Erdoğan hielt um Mitternacht eine Siegesrede im Präsidentenpalast in Ankara, bei der er die populistische Rhetorik seines Wahlkampfs fortsetzte: „Nicht nur wir haben gewonnen, sondern die Türkei... Wir haben gesagt, wenn wir gewinnen, werden die einzigen Verlierer diejenigen sein, die schmutzige Szenarien für unser Land vorsehen, und ihre Apparate, Terrororganisationen und Kredithaie.“
Erdoğan verurteilte seine Nato-Verbündeten, die keinen Hehl daraus gemacht hatten, dass sie einen Sieg Kılıçdaroğlus bevorzugt hätten. „Haben deutsche, französische und britische Zeitschriften nicht Titelseiten veröffentlicht, um Erdoğan zu schlagen? Sie haben ebenfalls verloren. Ihr habt gesehen, welche Bündnisse monatelang gegen uns geschmiedet wurden. Ihr habt gesehen, wer mit wem zusammensteht. Sie sind gescheitert, und werden ab jetzt keinen Erfolg mehr haben.“
Kılıçdaroğlu schloss in seiner Rede seinen Rücktritt als Parteichef der CHP aus und kündigte an, seinen bankrotten und reaktionären politischen Kurs beizubehalten. Er attackierte erneut die schwächsten Teile der Bevölkerung und erklärte, er sei gegen Flüchtlinge, weil sie auf „die Rechte“ türkischer Staatsbürger „übergriffen“. Die große Mehrheit von ihnen lebt in tiefer Armut ohne Grundrechte.

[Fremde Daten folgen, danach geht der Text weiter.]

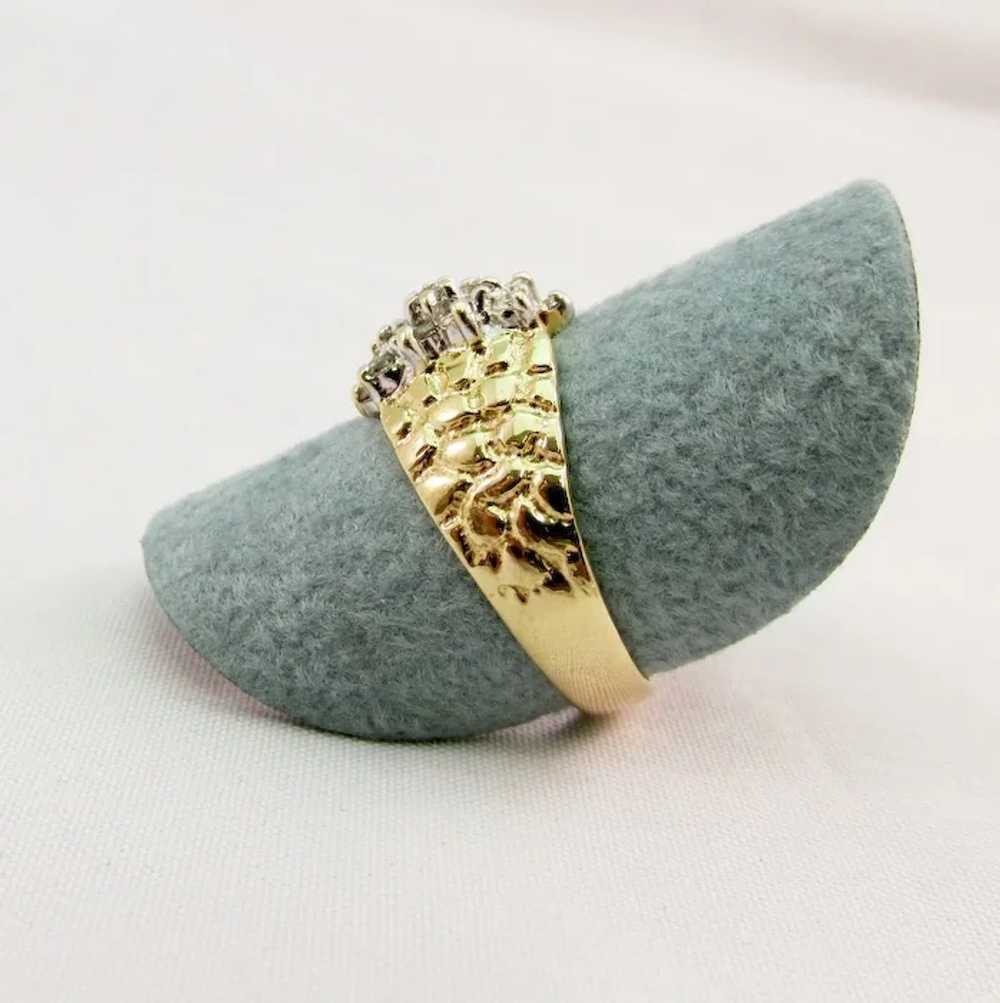 14 Karat Gold Nugget Style and Diamond Estate Ring - image 2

Kılıçdaroğlu behauptete: „Wir haben den unfairsten Wahlprozess der letzten Jahre erlebt. Alle Ressourcen des Staats wurden für eine Partei und einen Mann mobilisiert... Die CHP und das Bündnis der Nation kämpfen an allen Fronten mit allen ihren Möglichkeiten. Wir werden weiterhin an vorderster Front in diesem Kampf stehen, bis es echte Demokratie in unserem Land gibt. Unser Marsch geht weiter, und wir sind hier.“
Die ersten Reaktionen der Nato-Großmächte spiegelten ihre Pläne wider, die Türkei – einen strategisch wichtigen Verbündeten am Schwarzen Meer – in ihre aggressive Politik gegen den Kreml einzubeziehen, um den Krieg gegen Russland auszuweiten. Demensprechend schickten die Regierungschefs von Frankreich, Deutschland und den USA Botschaften, in denen sie Erdoğan gratulierten.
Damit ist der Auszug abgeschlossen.